[Brief]: Your output must be the lines below from the line containing "2015 AUDI A3 CABRIOLET 2015" to the line containing "Selfie stick +", both lines included, reproduced exactly and without pictures.

┌─ Dataset content

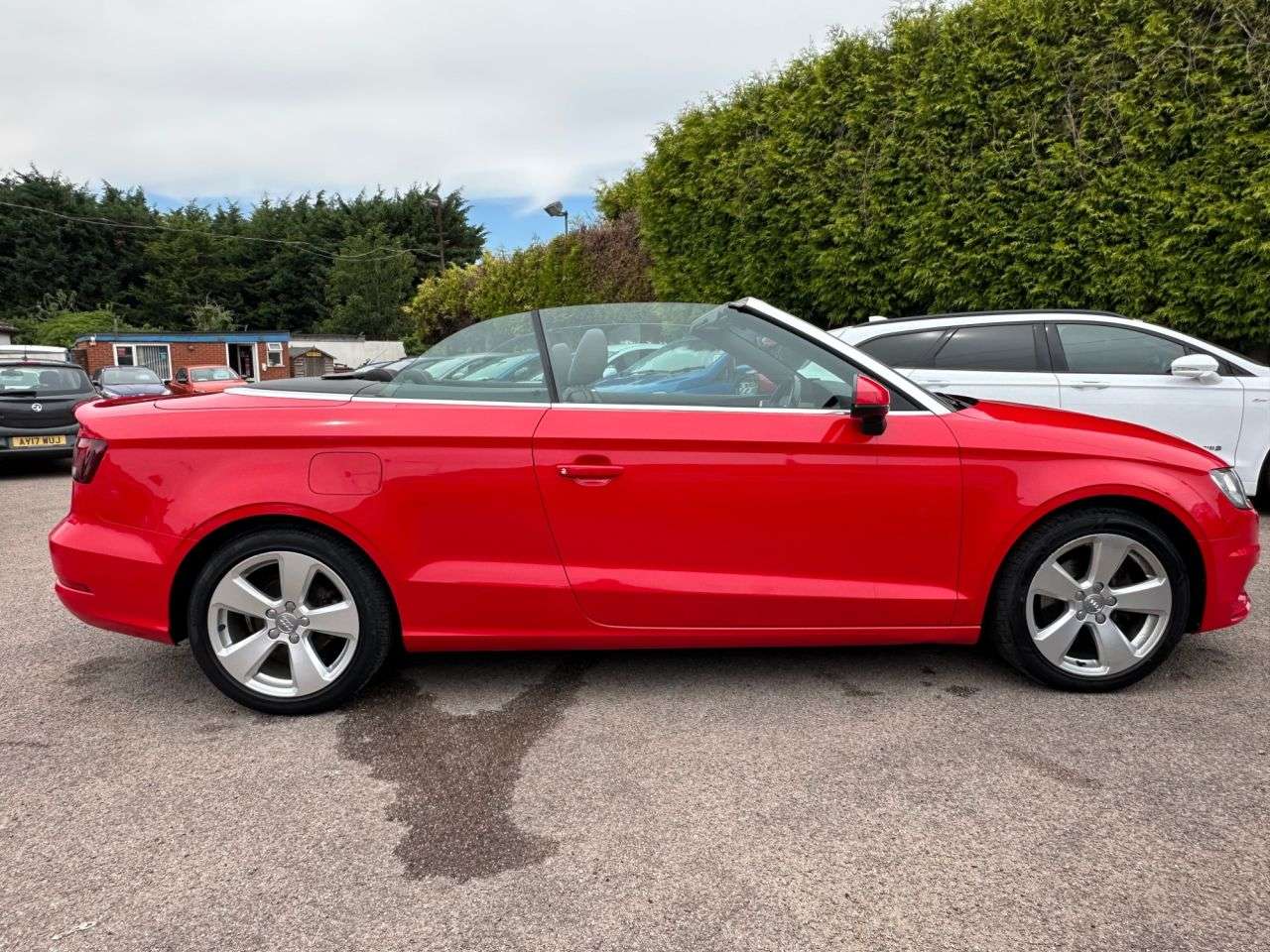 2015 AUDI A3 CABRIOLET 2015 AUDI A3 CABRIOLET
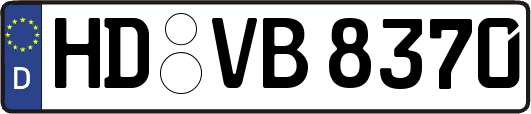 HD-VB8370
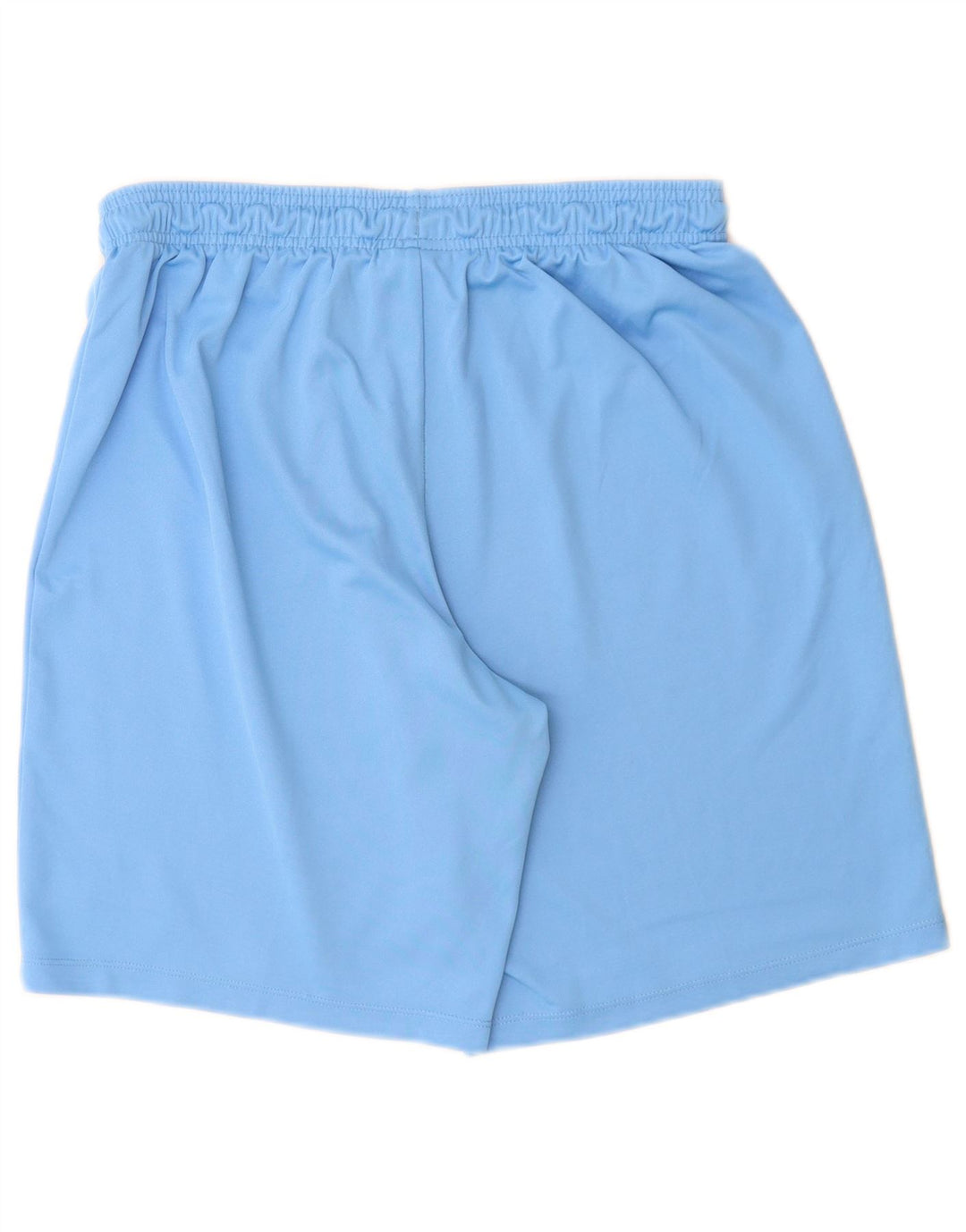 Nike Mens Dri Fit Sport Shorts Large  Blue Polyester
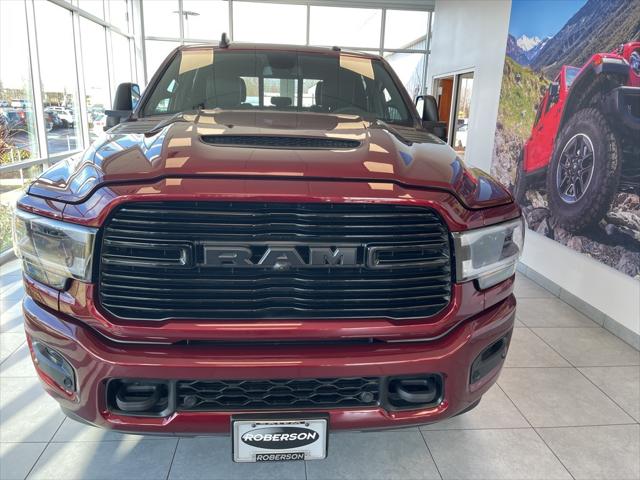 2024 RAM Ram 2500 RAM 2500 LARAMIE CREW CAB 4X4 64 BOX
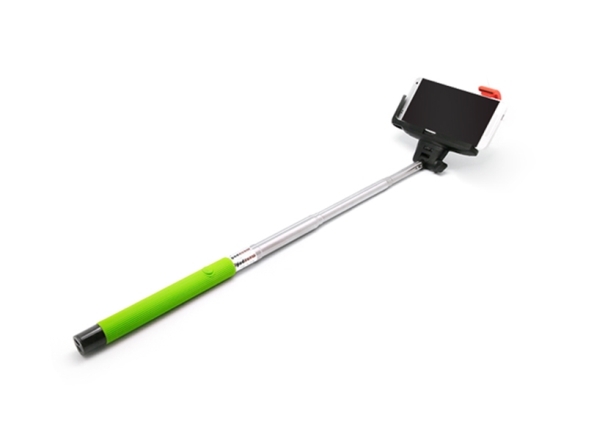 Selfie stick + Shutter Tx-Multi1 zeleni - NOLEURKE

└─
┌─ Dataset content

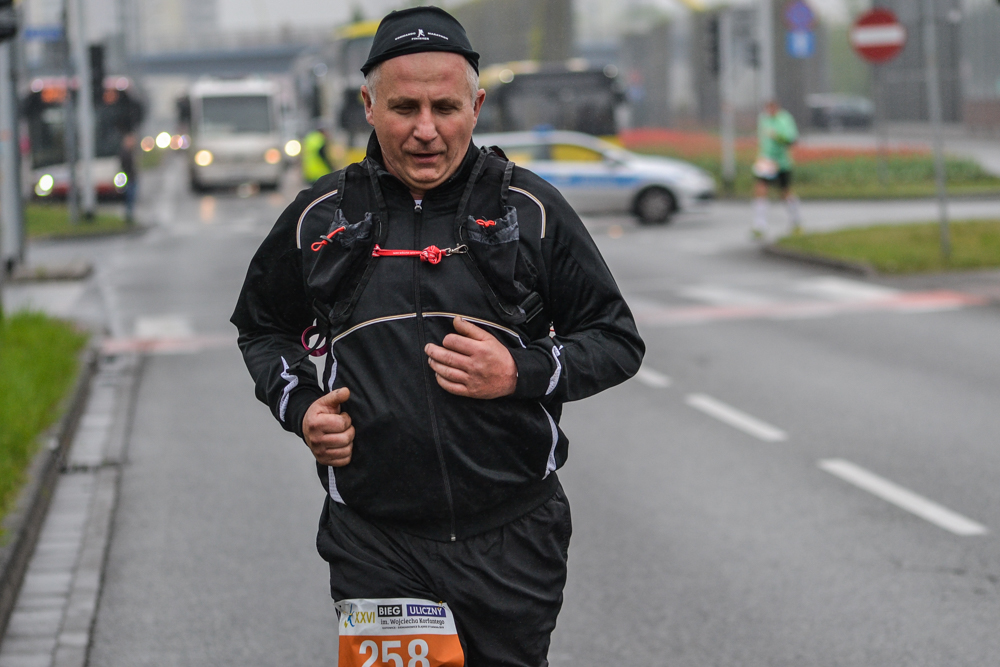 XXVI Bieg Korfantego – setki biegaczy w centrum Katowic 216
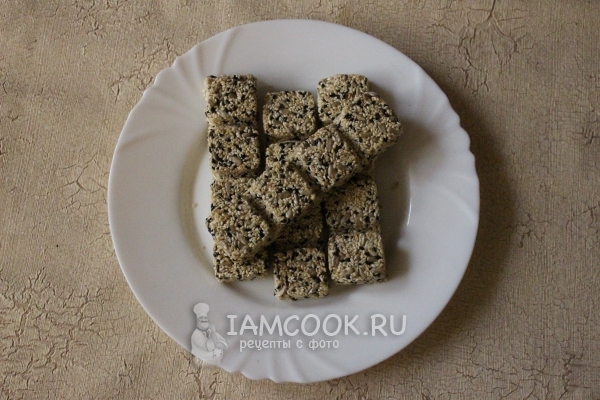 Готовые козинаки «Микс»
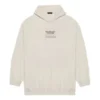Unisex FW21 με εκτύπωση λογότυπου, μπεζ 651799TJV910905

└─
┌─ Dataset content

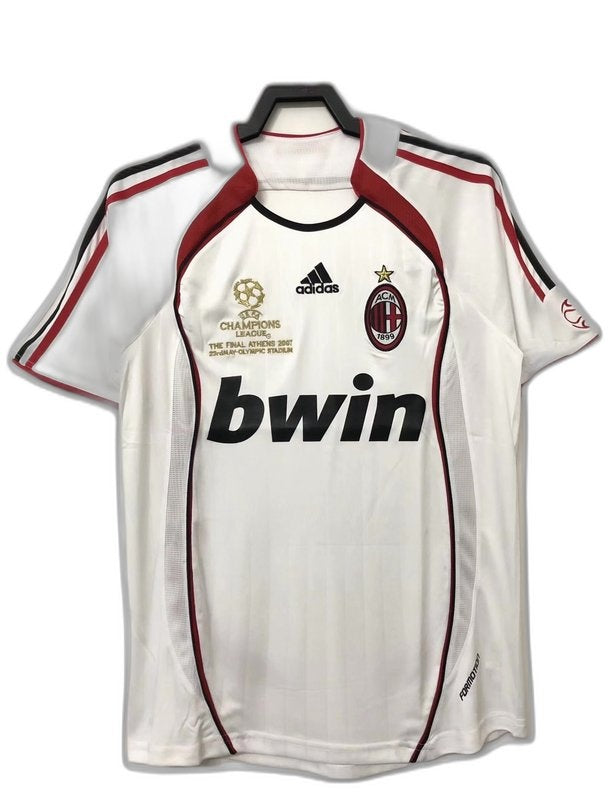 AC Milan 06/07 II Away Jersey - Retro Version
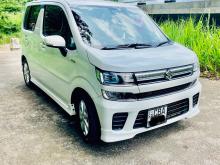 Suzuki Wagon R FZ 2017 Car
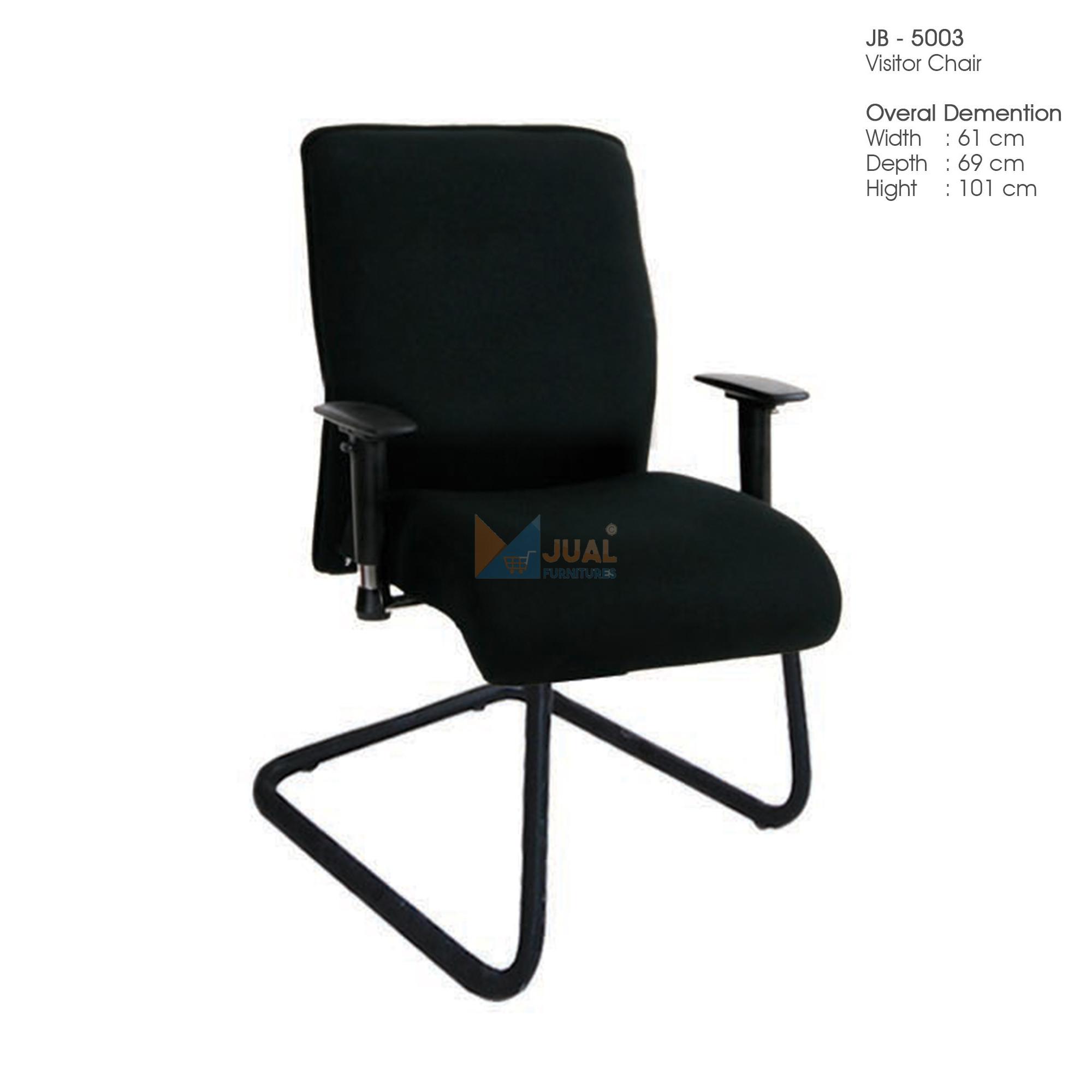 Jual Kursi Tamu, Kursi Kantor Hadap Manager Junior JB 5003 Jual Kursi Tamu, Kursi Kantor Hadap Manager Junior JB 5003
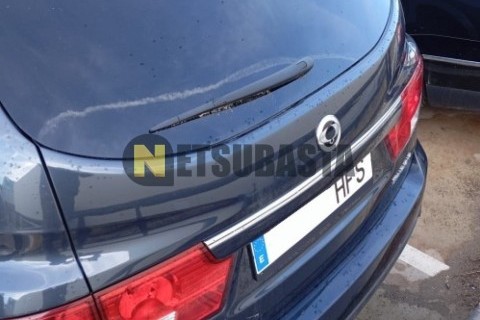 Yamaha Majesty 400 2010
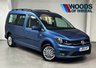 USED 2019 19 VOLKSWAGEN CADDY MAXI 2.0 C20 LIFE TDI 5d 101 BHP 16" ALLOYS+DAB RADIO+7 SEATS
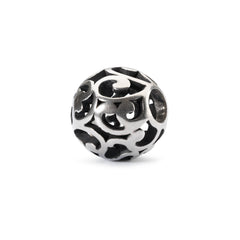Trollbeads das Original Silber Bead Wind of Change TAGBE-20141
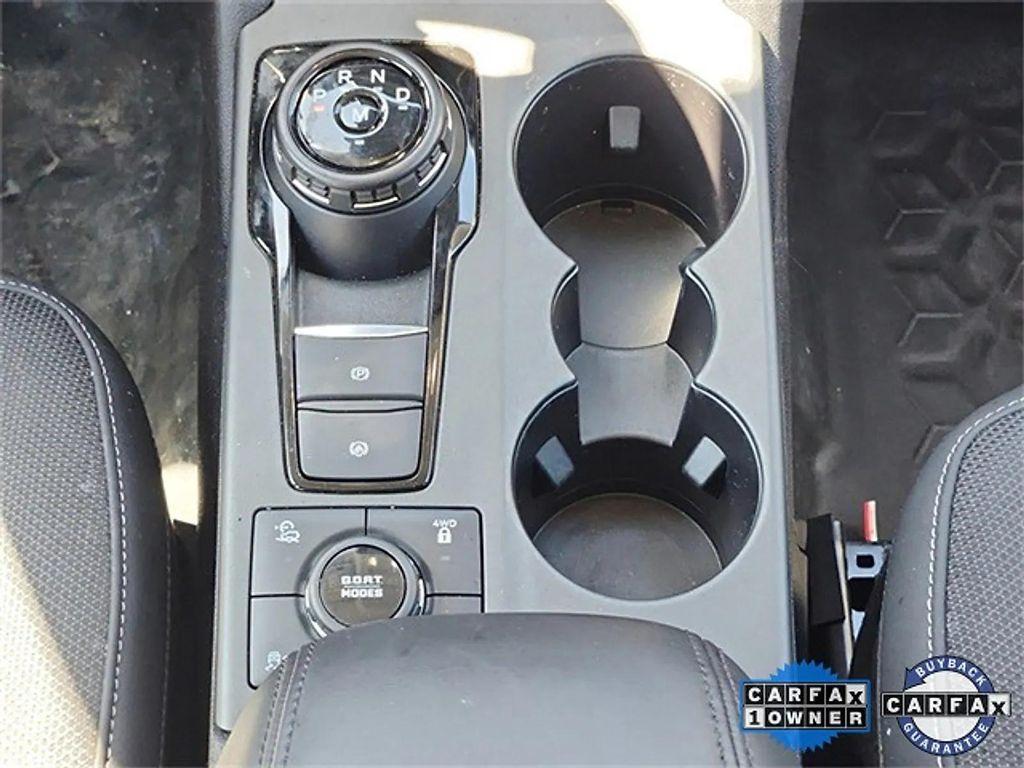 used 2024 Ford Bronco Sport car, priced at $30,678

└─

[Answer box]:
 2015 AUDI A3 CABRIOLET 2015 AUDI A3 CABRIOLET
 HD-VB8370
 Nike Mens Dri Fit Sport Shorts Large  Blue Polyester
 2024 RAM Ram 2500 RAM 2500 LARAMIE CREW CAB 4X4 64 BOX
 Selfie stick + Shutter Tx-Multi1 zeleni - NOLEURKE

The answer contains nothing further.